具体的な目的と課題が設定されたことで、製品の品質向上に向けて従業員が共通の目標を理解し、課題に集中的に取り組めたのです。
目的や課題を明確にすれば、従業員は方針を理解しやすくなります。
なぜなら、各々が改善するべきポイントが明確になるからです。
目的や課題を明確にすることは、工場の作業を効率化させる鍵になります。
スモールステップで改善を進める
工場の作業を効率化させる際、スモールステップで改善を進めるアプローチは重要です。
小さな改善から始めて段階的に進めれば、従業員が変化を受け入れやすくなります。
大規模な改善は結果が表れるまでに時間を要しますが、小さな改善はすぐに取り組めて結果が出やすいのがメリットです。
スモールステップは、一つずつ目標をクリアしている実感がもてるので、従業員のモチベーションアップにつながります。
徹底したデータ分析で適切な対策選択
工場の作業を効率化させるためには、徹底したデータ分析が不可欠です。
データ分析によって具体的な問題点やボトルネックが明らかになり、適切な対策を選択できます。
例えば、ある自動車組立工場では、特定の作業工程で不良品の発生率が上昇して、問題になっていました。
徹底したデータ分析の結果、その工程における従業員のトレーニング不足が原因と判明したのです。
対策として従業員に対するトレーニングを強化し、不良品発生率を大幅に低下させました。

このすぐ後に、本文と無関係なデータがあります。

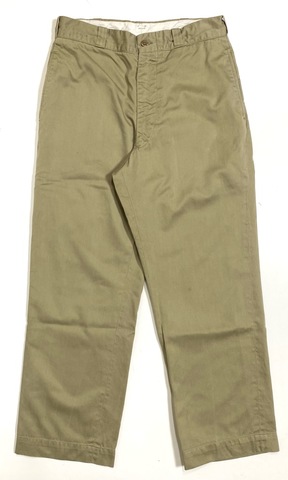 60s U.S.ARMY MILITARY CHINO TROUSERS.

データ分析による客観的な情報をもとに、具体的かつ効果的な対策を選択できれば、工場の作業効率を向上できます。
整理整頓と標準化手順による現場改善
整理整頓と標準化は、作業の効率化を支える基本です。
整理整頓によって作業環境が改善され、標準化によって生産がスムーズになります。
作業スペースには必要な工具や部品が整然と配置され、標準化作業に基づいて無駄のないスムーズな作業が行われたらどうでしょう?
作業が滞りなく進み、生産効率向上に寄与しますよね。
整理整頓と標準化とは単なる美化作業ではなく、生産性や品質向上に直結する重要な要素です。
効果的に取り入れて、現場の作業環境を改善しましょう。
持続的な改善活動で定着させる
工場の作業の効率化を成功させるためには、持続的な改善活動が不可欠です。
改善活動を一度実施しただけで、課題を解決できるということはまずありません。
活動を継続し結果を検証して、さらに改善を加えるサイクルを確立する必要があります。
持続的な改善活動には、従業員の積極的な参加が不可欠です。
研修やトレーニングを通して従業員の意識を向上させ、課題解決へのモチベーションを維持してください。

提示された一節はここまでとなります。